Personne ne s’en est aperçu, mais la première guerre mondiale vient tout juste de se terminer... Dimanche 3 octobre, s’est refermé l’ultime chapitre du conflit qui ensanglanta l’Europe de 1914 à 1918 : le remboursement par l’Allemagne des dernières dettes liées aux réparations imposées par les vainqueurs au lendemain de la guerre.
La somme, d’environ 95 millions d’euros, correspond aux intérêts des emprunts contractés par Berlin, dans les années 1920, pour financer le paiement de ces réparations.

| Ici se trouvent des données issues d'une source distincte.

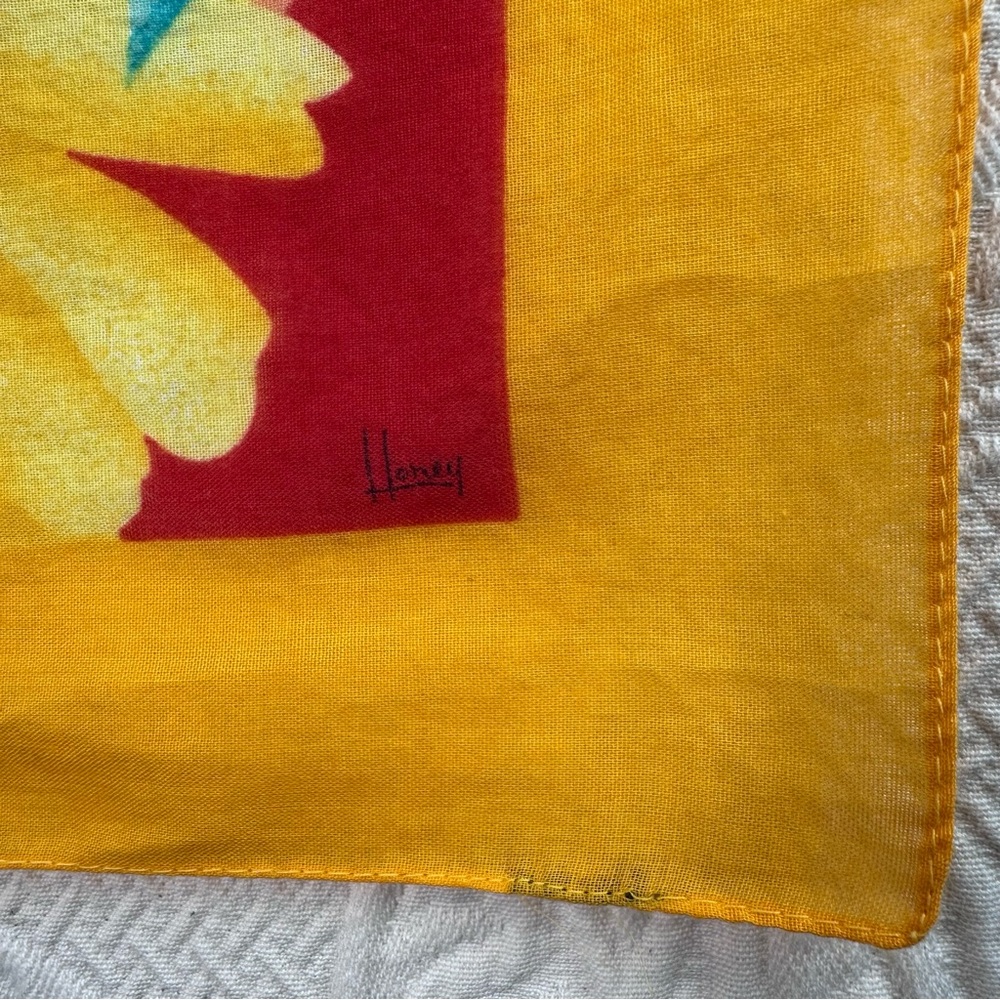 Honey Vintage Floral Cotton Scarf - Picture 6 of 6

Pourquoi a-t-il fallu quatre-vingt-onze ans avant de solder cette dette ? Pour le comprendre, il faut remonter au traité de Versailles.

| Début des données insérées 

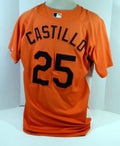 2007-08 Baltimore Orioles Victor Castillo #25 Game Used Orange Jersey BP ST 48 - Game Used MLB Jerseys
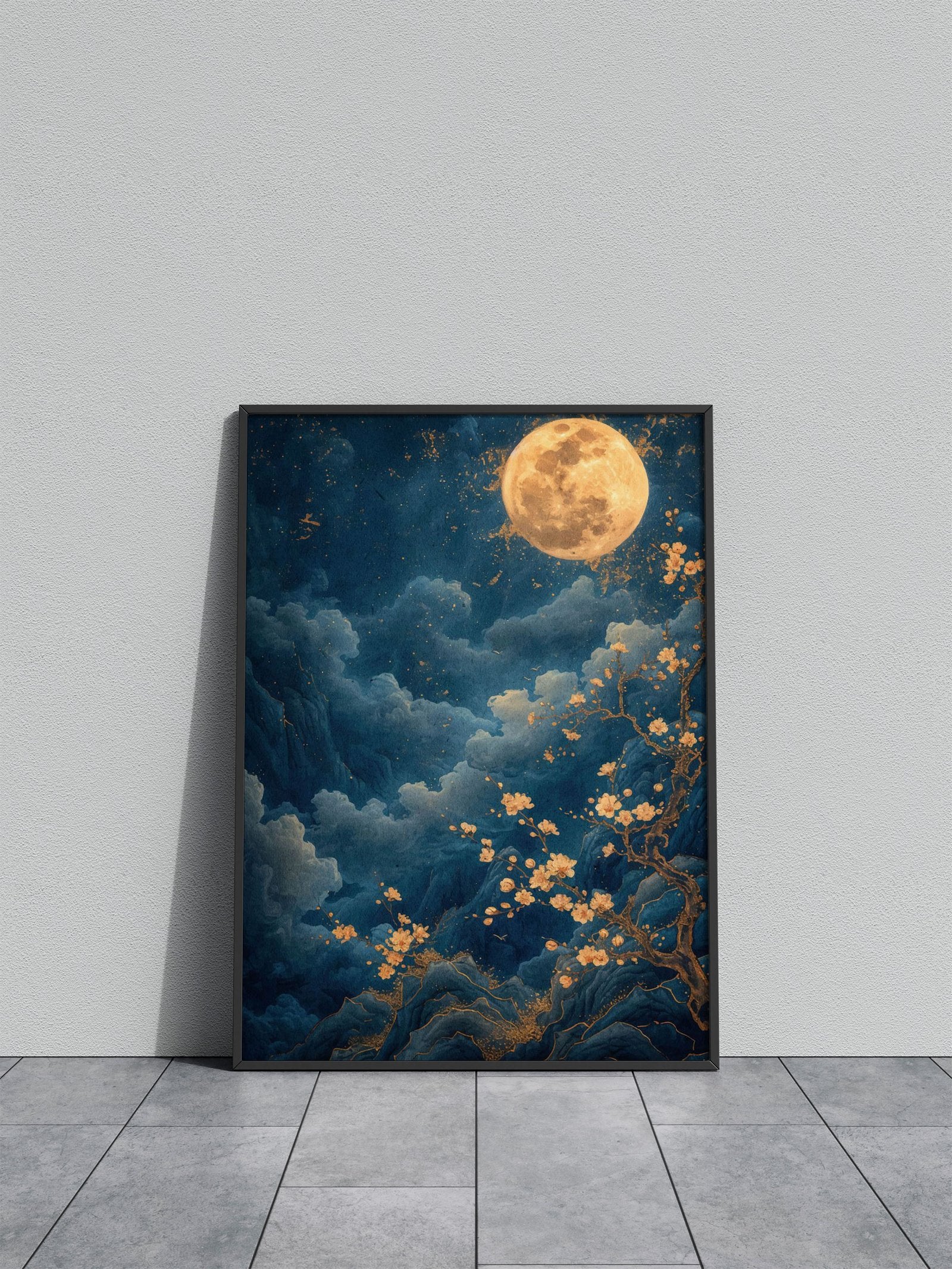 Cherry Blossom Moon Asian Style Poster | Wall Art for Home & Office | High-Quality Print - High-Quality Visual Display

Signé le 28 juin 1919, celui-ci stipulait, dans ses articles 231 et 232, que l’Allemagne était "responsable" de la guerre et qu’elle devait, en conséquence, payer la totalité des "dommages" subis par ses adversaires. Restait à établir le montant des réparations et les modalités de leur paiement.
Ces deux points furent âprement débattus. Ce n’est qu’à la conférence de Spa (Belgique), en juillet 1920, que les pays vainqueurs se mirent d’accord sur la part des réparations qui serait versée à chacun. Et il fallut attendre encore un an avant que la somme globale à régler soit fixée à 132 milliards de marks-or.
Intérêt et principal
Or l’Allemagne, qui considérait le traité de Versailles comme un humiliant "diktat", refusa de payer en l’état. En face, les Alliés étaient divisés. La France, en 1923, décida de se servir elle-même en occupant la Ruhr. La Grande-Bretagne défendait une ligne plus souple.
"Pour vendre leurs produits en Allemagne, les Anglais n’avaient pas intérêt à ce que celle-ci soit ruinée", résume l’historien Georges-Henri Soutou, membre de l’Institut et auteur de L’Or et le Sang (Fayard, 1989).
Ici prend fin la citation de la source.